All the major players -- from the heads of the key housing committees to the presidential contenders -- now agree on one central point: There will be no new agency created to deal with the national foreclosure crisis. Instead, all the work will be loaded onto the shoulders of the Federal Housing Administration -- the FHA.
Earlier this year, there were moves in Congress to revive some version of the Depression-era Home Owners Loan Corporation, which bought up hundreds of thousands of delinquent mortgages and replaced them with more affordable government-backed loans. The agency, which ultimately turned a small profit for the U.S. Treasury, closed its doors in the early 1950s.

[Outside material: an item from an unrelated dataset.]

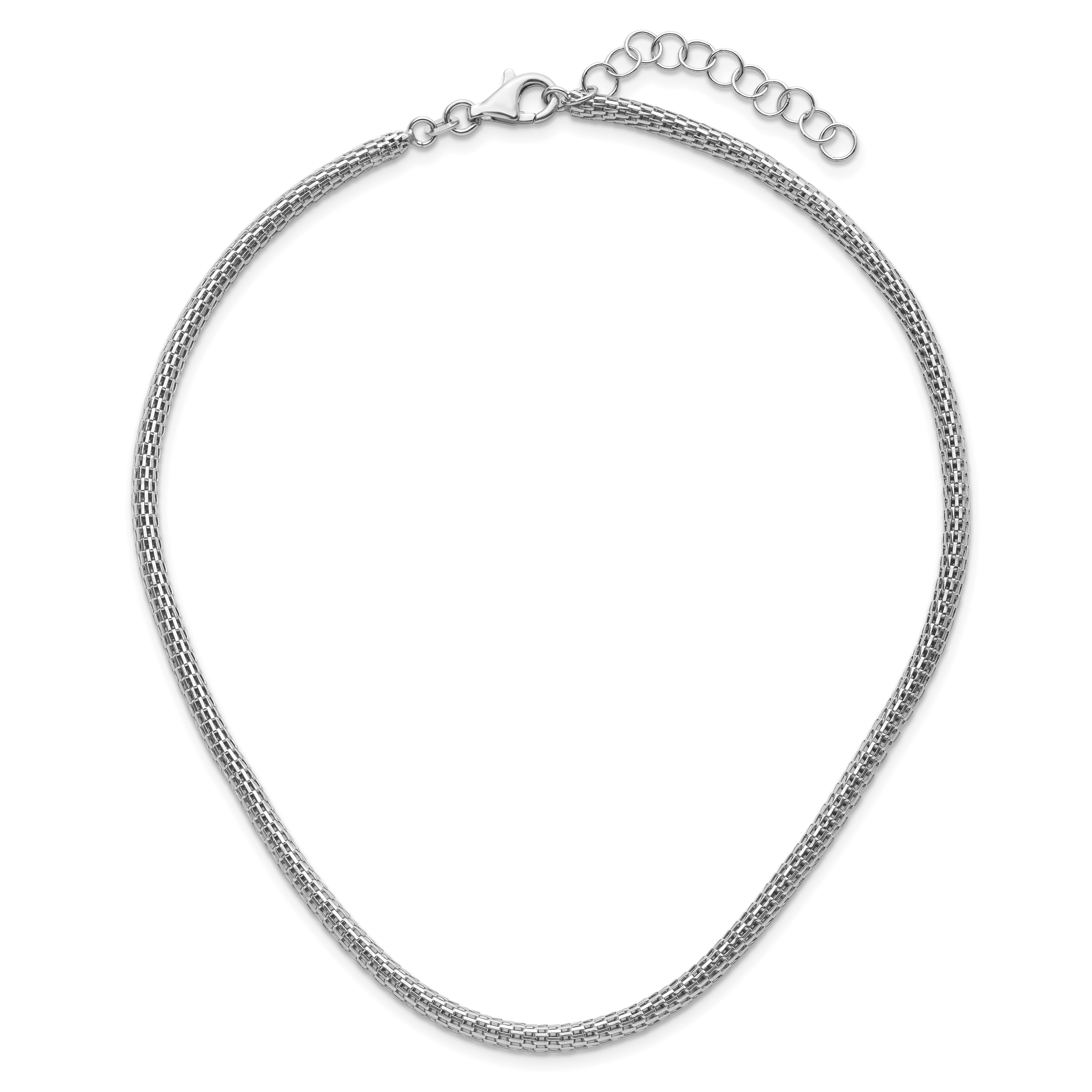 Sterling Silver Rhodium-plated w/ 2in ext Choker Necklace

But now top Democrats on both sides of Capitol Hill, along with presumptive Republican presidential nominee Senator John McCain and Democratic contenders Hillary Clinton and Barack Obama, all agree: Hand the ball this time around to the FHA.

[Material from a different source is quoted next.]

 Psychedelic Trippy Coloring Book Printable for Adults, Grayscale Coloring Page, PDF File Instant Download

House financial services chairman Barney Frank is putting together legislation that would authorize up to $300 billion in special funds to cover potential losses on FHA financings of loans to people with the most serious delinquency situations -- homeowners heading into foreclosure.

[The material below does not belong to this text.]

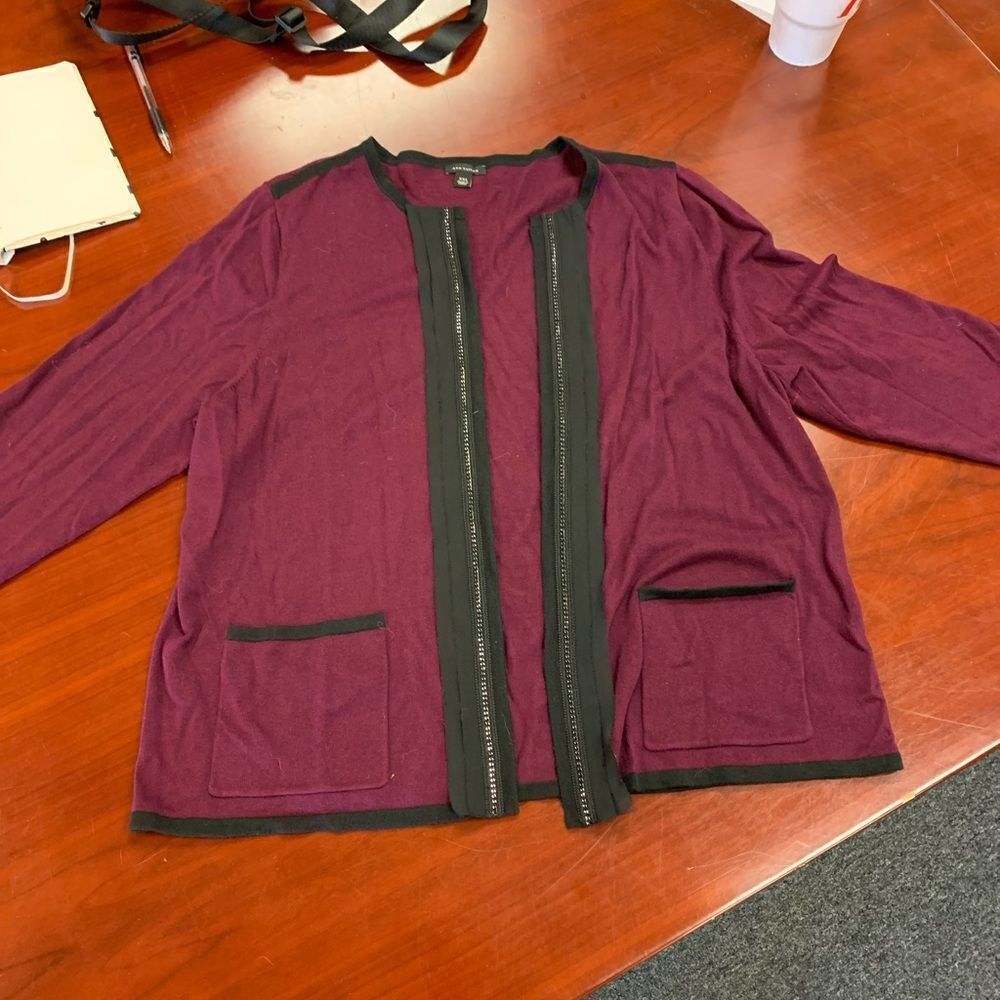 Ann Taylor Plum Open Front Cardigan XXL EUC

Under Frank's plan, FHA would acquire distressed mortgages -- sometimes in bulk packages -- at discounted prices from bond investors and lenders. The sellers would have to agree to substantial writedowns of principal balances.
Senate banking chairman Chris Dodd is pushing a broadly similar concept, and now even Republican candidate McCain -- who says he is opposed to bailouts -- has come out in favor of an FHA-directed refinancing program.
But there are some potentially tough questions that come with this consensus approach.
Number one: Will investors agree to participate in large enough numbers to make a dent in the foreclosure problem? One industry consultant who works with loan servicers and bond investors told Realty Times last week that if the required writedowns are too large, many of his clients would "take their chances" and stay with the voluntary Hope Now Alliance plan, which emphasizes five year rate freezes and various forms of loan modifications as foreclosure alternatives.
A second potential fly in the ointment: Is the FHA -- which is already loaded down with new financing volume and has seen its market share explode from 3 percent to more than 20 percent in six months - staffed up and ready to handle even more complicated, high-risk refinancings?
Congress will need to come up with answers to both questions before putting the wraps on its final relief bill next month.